The Southcoast Microgrid Reliability Feasibility (SµRF) project, a recipient of federal funding under the previous government’s Regional and Remote Communities Reliability Fund, is examining the use of microgrids to bolster local energy resilience.
The project is being led by the Battery Storage and Grid Integration Program at ANU in partnership with the Southcoast Health and Sustainability Alliance (SHASA), network company Essential Energy and technology company Zepben.
It came about when SHASA approached the ANU in a bid to find solutions to the region’s “power vulnerability,” which had been brought into stark relief during the extreme bushfire season of 2019-20 in Australia.
This week, SµRF named eight sites in the NSW Eurobodalla Shire – Bodalla, Broulee, Central Tilba and Tilba Tilba (treated together), Congo, Mystery Bay, Nelligen, South Durras and Tuross Head – as the focus for further studies.
How the sites were chosen
The selected sites include small communities of less than 100 residents, medium townships of around 300 residents, and some of the region’s larger towns with roughly 2,000 residents.
Bjorn Sturmberg, technical lead on the SµRF project with the Battery Storage and Grid Integration Program at the ANU, said the goal was to choose sites that would best address the need to build resilience.
“To do this, we developed an integrated approach that sought to assess the vulnerability of communities based on socioeconomic factors, for example age or disability, as well as technical indicators such as historic data on power outages,” Sturmberg said.
“It also assessed the ease of implementing a microgrid based on the amount of rooftop solar already installed in each location.”
The team says the selected sites all rank highly in terms of vulnerability, as well as having high rates of solar installs and at least one microgrid option that is relatively tractable.
Also considered were issues like consultation fatigue – especially pertinent in the wake of the investigations into the Black Summer fires – cultural and ethnic diversity, and the layout of the town and electricity network.
On balance, the combination of the sites was also assessed to ensure the project could cover the diversity of the region and, as much as possible, reflect the broader diversity of regional Australia.
“Today’s announcement of the eight sites is a key milestone to progressing our understanding of how this may look in the future and, more importantly, to working with these local communities to learn how this type of technology may best support them,” said Essential Energy Chief Operating Officer Luke Jenner.
“Microgrids will undoubtedly form a part of our broader future network to help local communities work together to access more resilient, cleaner and cheaper energy.”
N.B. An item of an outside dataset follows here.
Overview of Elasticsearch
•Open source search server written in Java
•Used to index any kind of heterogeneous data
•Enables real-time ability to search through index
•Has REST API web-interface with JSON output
Benefits the coastal microgrids will provide
From here, the SµRF team will explore how the Eurobodalla could benefit from various microgrid designs, ranging from backup power for community shelters and essential services through to large systems servicing the whole of community.
Research will also weigh up policy and regulatory barriers to feasibility as well as other nontechnical factors that will play an important role in ensuring that grid-tied microgrids truly meet people’s needs and expectations.
Crucially, the project will seek input from residents, businesses and other groups in all eight communities to gauge their perspectives on different microgrid options and their preferences for how these systems could operate.
“We hope this approach inspires other regional projects, policymakers and funders to consider a wide range of factors in their efforts to boost resilience,” Sturmberg said.